釈迦牟尼仏の名声が十方に満ちているのを聞いて、

釈迦牟尼仏が広く「衆生」、「生者」に「饒益している」、「利益をもたらしている」のを見聞きして、

このように思っていました。

 (私、舎利弗は、)このような利点(、徳)を失ってしまっている。

 私(、舎利弗)は、自身をだましている。と。


 私(、舎利弗)は、常に、日夜に、このように思っていて、世尊(、釈迦牟尼仏)に「(私、舎利弗は、仏の徳などを)失ってしまっているのか? 失っていないのか?」と質問したいと欲していました。

 私(、舎利弗)は常に、世尊(、釈迦牟尼仏)が諸々の菩薩を称讃しているのを見て、日夜、このような事を思っていました。

 (私、舎利弗が)今、釈迦牟尼仏の言葉を聞いておりますと、「随宜に」、「相手に応じて」法を説かれています。

 「無漏」、「煩悩の無い境地」は、思考によって推測するのは難しいです。

 (仏法は、)「衆生」、「生者」を「道場」、「修行」に至らせます。

 私(、舎利弗)は、もとは、邪悪な見解に執着してしまって、諸々のバラモンの師と成ってしまっていました。

 世尊(、釈迦牟尼仏)は、私(、舎利弗)の心を知って、(私、舎利弗を)邪悪から抜け出させて、「涅槃」、「寂静の無上の境地」を説きました。

 (そのため、)私(、舎利弗)は、邪悪な見解をことごとく除去して、くうの法で証を得ました。
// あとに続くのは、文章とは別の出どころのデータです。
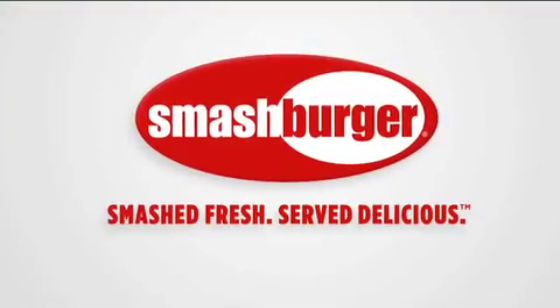So, tell me about the smash fries. Smashburger — smashed fresh, served delicious.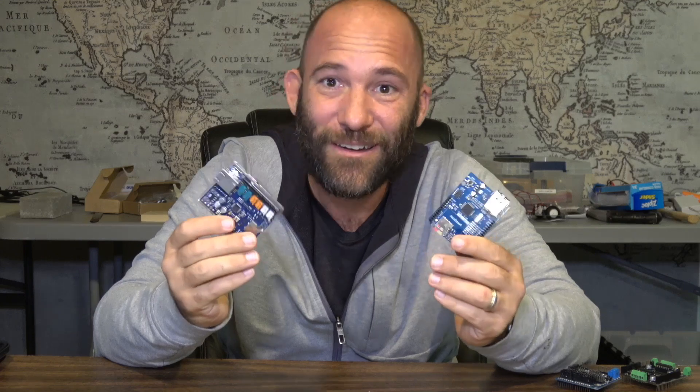That's a little bit about Arduino shields, and I look forward to seeing you in the next video.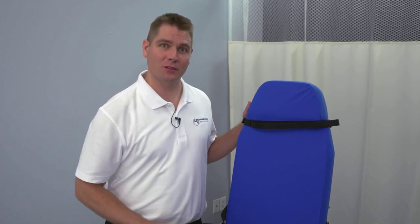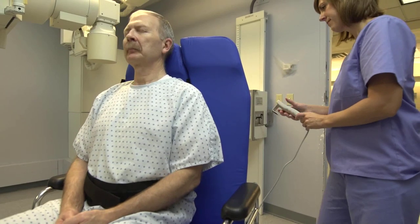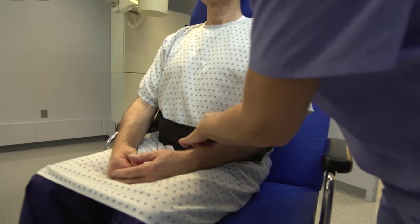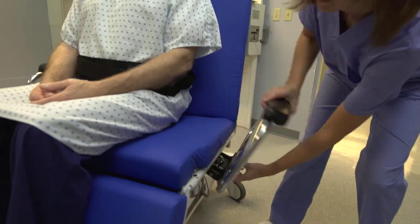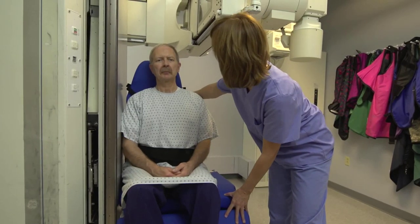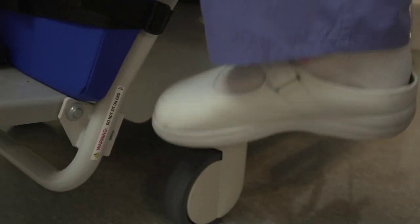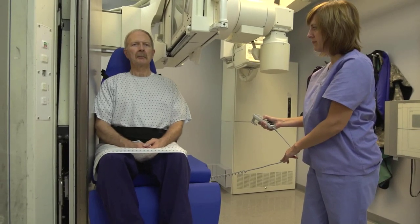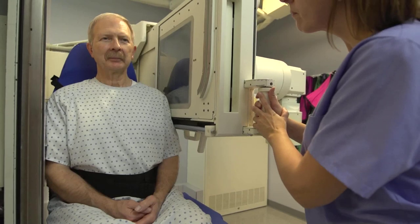Here's how it works. Make sure the patient is in the fully upright chair position and belts are secured. For the lateral view, lower the side rails and roll the chair into the RF tower. Lock the brakes. Use the pendant to position the patient to the appropriate height. Now you're ready for the lateral view.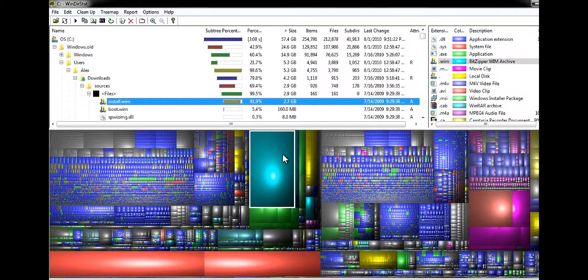As you can see, you can click on these little things here and it'll go to the exact file. Like, this is an installation thing or something. I don't know why it's taking up 2 gigabytes — that's pretty crazy. I have no idea what that is, but basically you can get rid of any file at all, and it shows you what percent is taking up all of your hard drive space.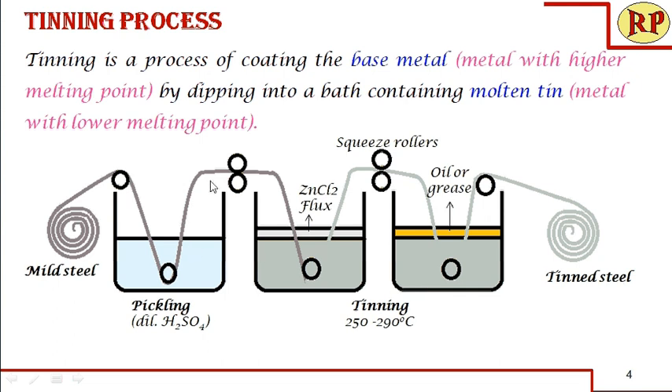After the pickling bath, the sheet enters the zinc chloride flux and then into the molten tin bath. The role of zinc chloride flux is mainly to dry the pickled mild steel and then prepare the surface of the mild steel so that proper adhering of tin takes place — that is, tin is properly coated over the mild steel.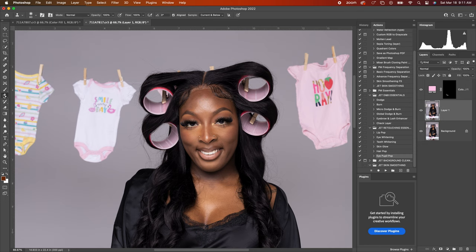We're gonna go ahead and get started. I'm using the Clone Stamp tool. When I use the Clone Stamp tool, I want to sample from the area that I'm trying to replace the flyaways with, so I'm sampling from here and just dragging across the flyaways.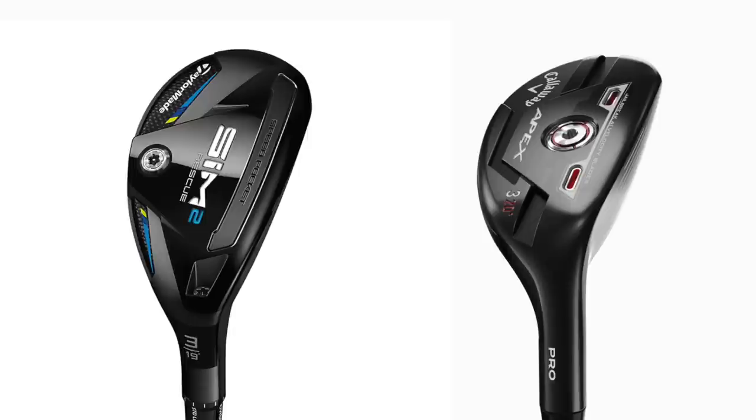Referring to any golf club as being sexy is a bit weird, but I will say these are two of the very best looking hybrids I've ever seen in the marketplace. They come from TaylorMade and Callaway - the Apex Pro and the Sim 2 Rescue. They're very much what I'd class as better players hybrids. They're small in terms of their overall profile and they look absolutely stunning.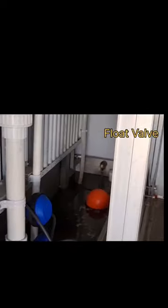So we have the float valve over there, and we have the light for the limit switch.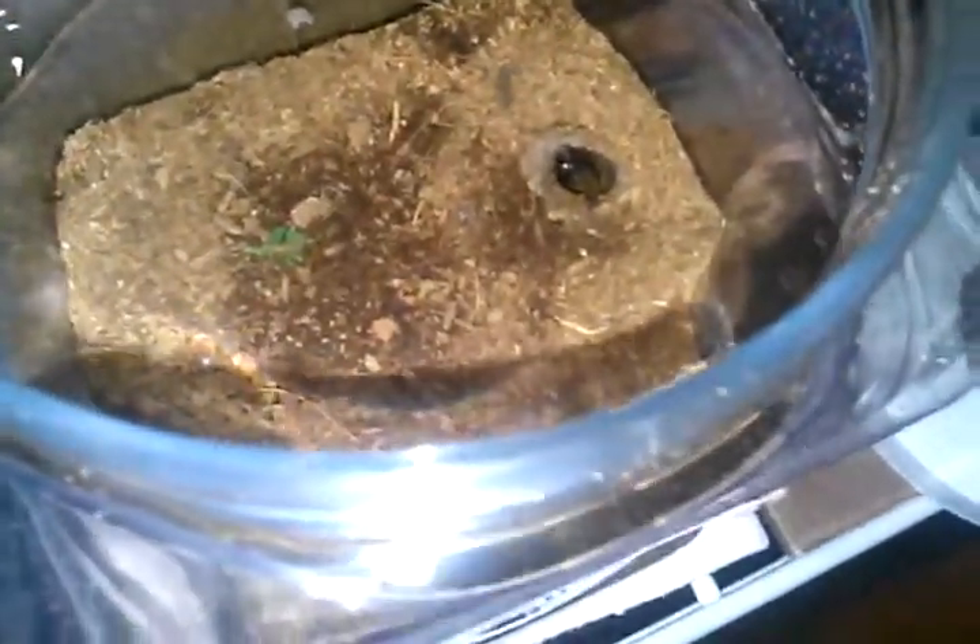You got a little trapdoor right there and you can see him. He's probably about three inches down there. You can kind of see his eyes — he's small. You saw him in the video, but very cool spider though.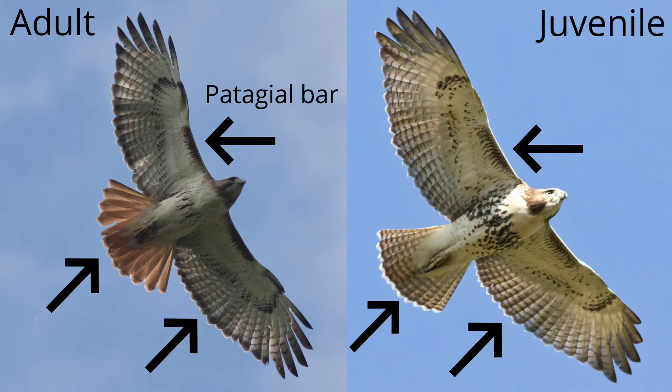Red tails are in juvenile plumage for one year, then molt into adult plumage. First, let's look at the similarities. If you look at the shoulder area of both birds, you see dark areas called patagial bars. The other hawks in the Buteo genus, such as broad-winged hawks and red-shouldered hawks, do not have these markings.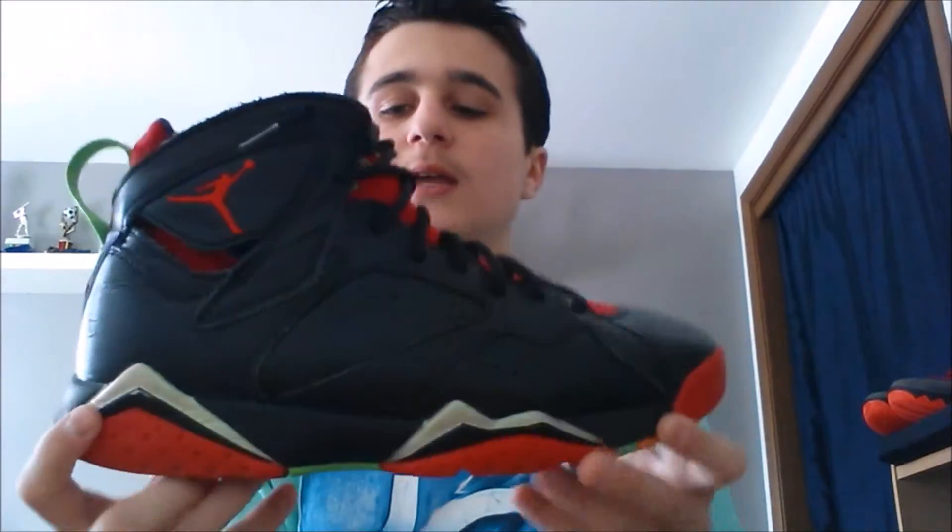Next up we have a shoe that's been sitting on shelves for like six months. I personally like these shoes but a lot of people don't, obviously, if they're still sitting on shelves. I traded some Jordan 10 Infrareds — which I got the same day — originally I traded my Dreams for a shoe I'll show in a bit, then got the Infrared 10s, and traded those to get these because the Infrared 10s were beat.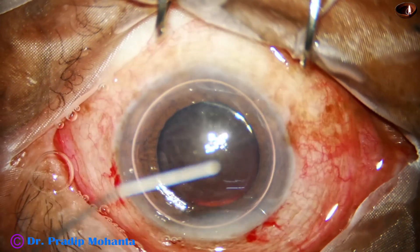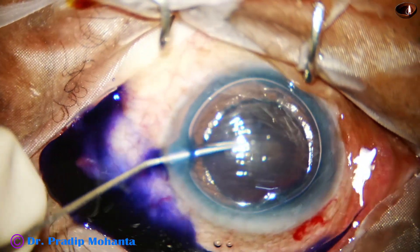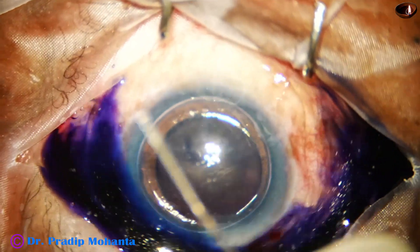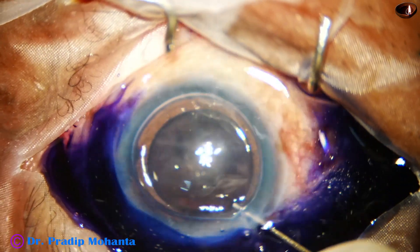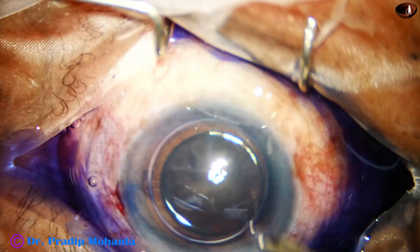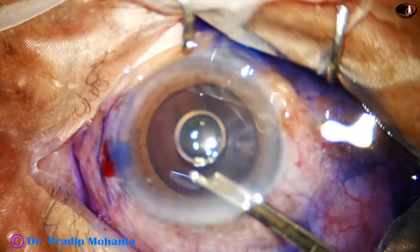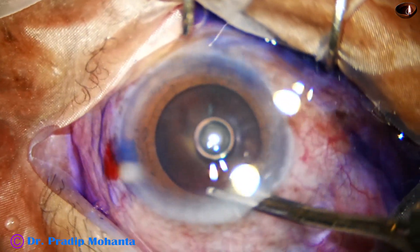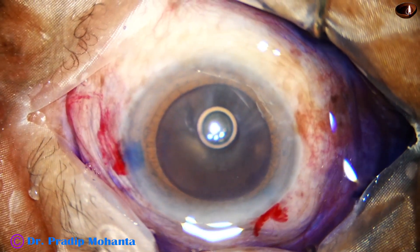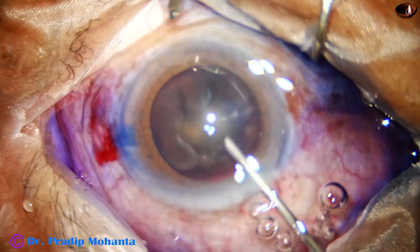Beneath this air bubble, trypan blue dye is applied over the anterior capsule, and within a very short time — maybe about 10 to 15 seconds — there is very good staining of the anterior capsule, because the dye is not diluted by aqueous. Now the dye is washed out and the anterior chamber is filled up with 2% hydroxypropyl methyl cellulose.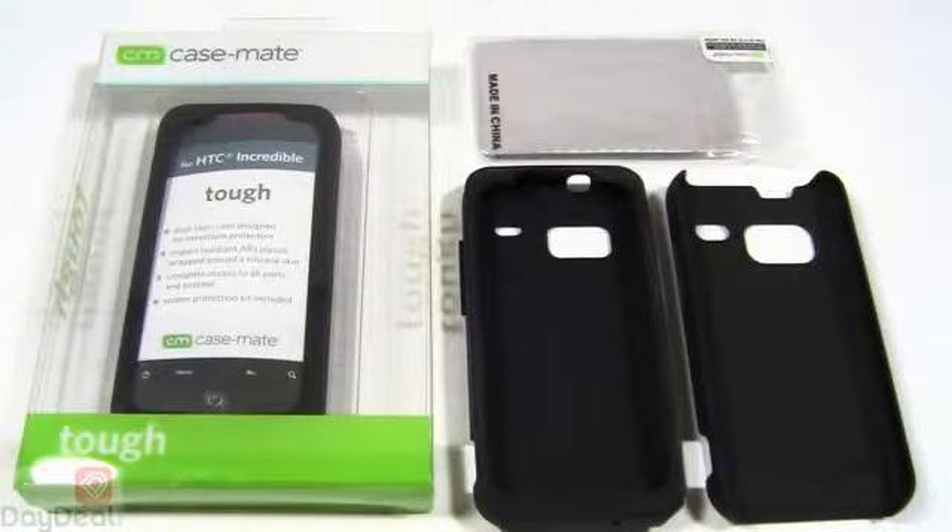So moving on, let's actually talk about the star of the show — the Casemate Tough case. Now on the left-hand side we have the cover in its retail packaging. We're just going to leave that alone and let you look at it throughout the entire video, just to have it sit nice and pretty. And on the right-hand side we actually have a disassembled HTC Incredible Casemate Tough case, and it comes in three parts as you can see right there.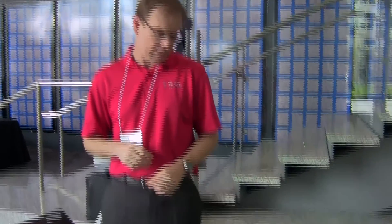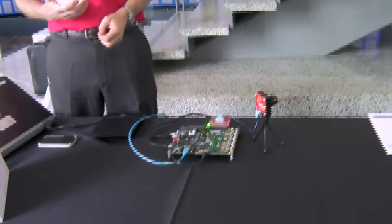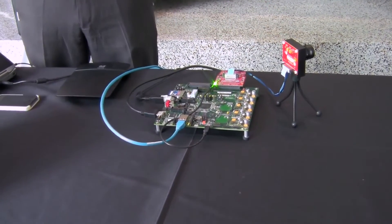This board itself has a Zynq device, it boots up Linux, and it has an FMC board which is part of the kit that interfaces to a camera sensor.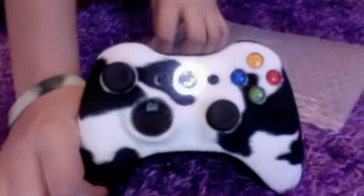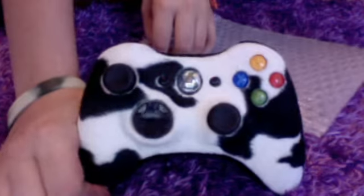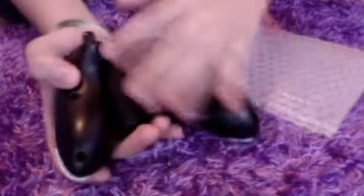You could just go on EinsteinMods.com and you could get whatever color lens you want and any color of the controller you want.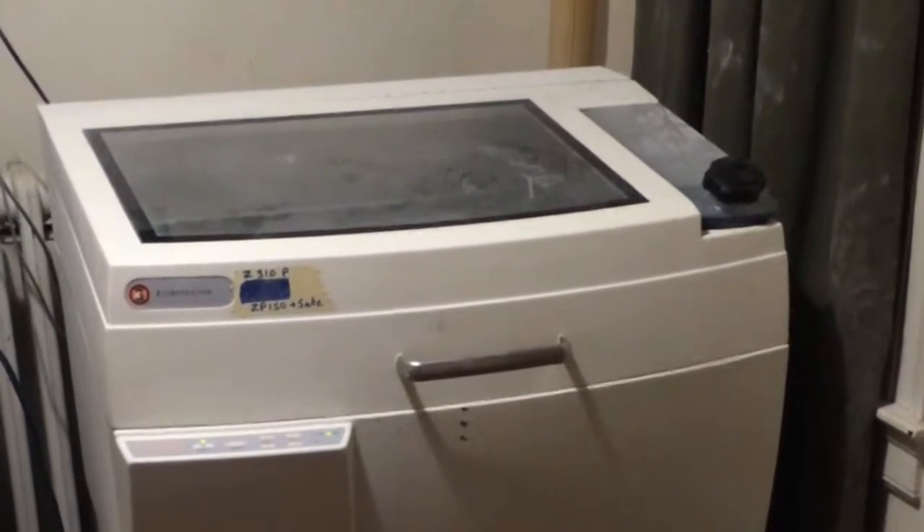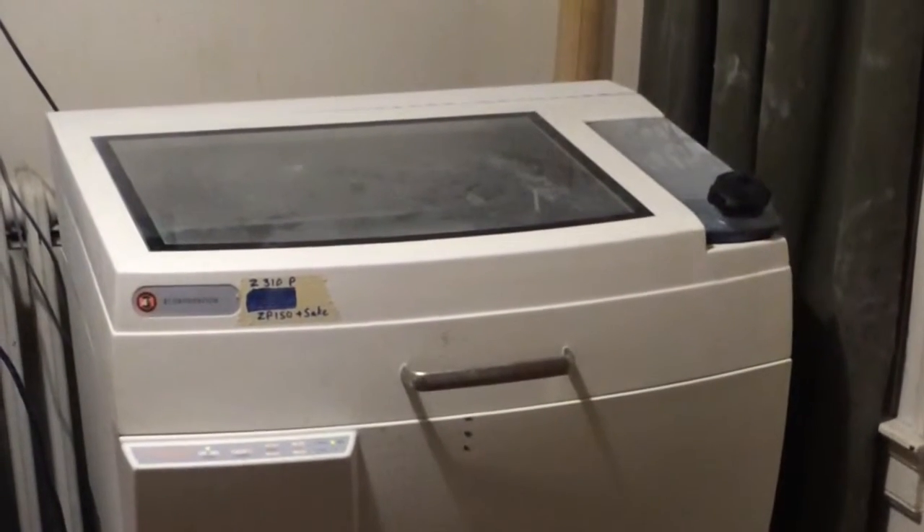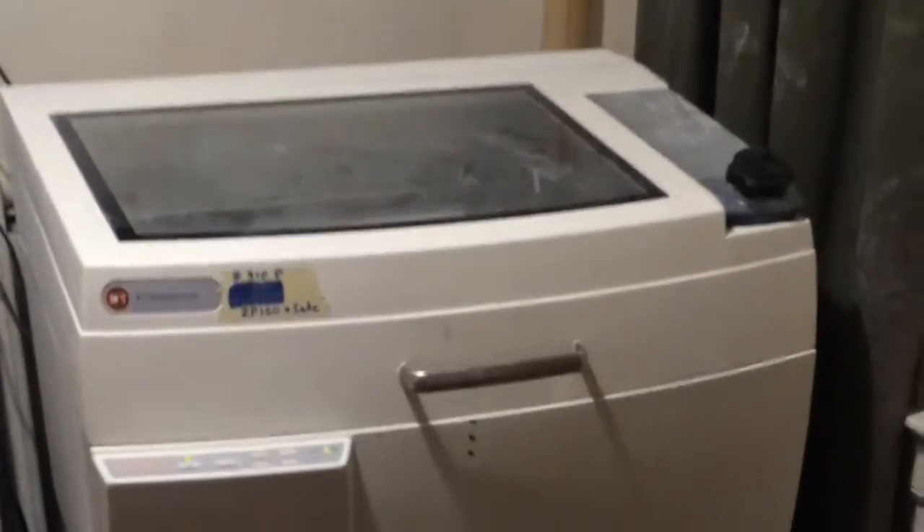This is the Z Corp Z310 Plus powder bed printer and I will be using it to print in sugar. This fluid over here is sake and blue food coloring, and the powder inside is sugar and meringue powder.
 (私、舎利弗は、)その時、心の中で、自ら、このように思いました。

 「滅度」、「仏の悟りの境地」に至ることができ得た。と。


 しかし、(私、舎利弗は、)今、このように自覚しています。

 これ(、現在の境地)は、真実の「滅度」、「仏の悟りの境地」ではない。と。


 もし(私、舎利弗が)仏に成ることができ得た時は、三十二相を「具足して」、「十分に備えて」、天人、夜叉達、龍神などが恭しく敬ってくれるはずです。

 その時、思うべきです。

 永遠に余すこと無く悪を滅ぼし尽くせた。と。


 釈迦牟尼仏は、「大衆」、「集まっている者達」の中で、「私(達)は、まさに仏に成る」と説いてくれました。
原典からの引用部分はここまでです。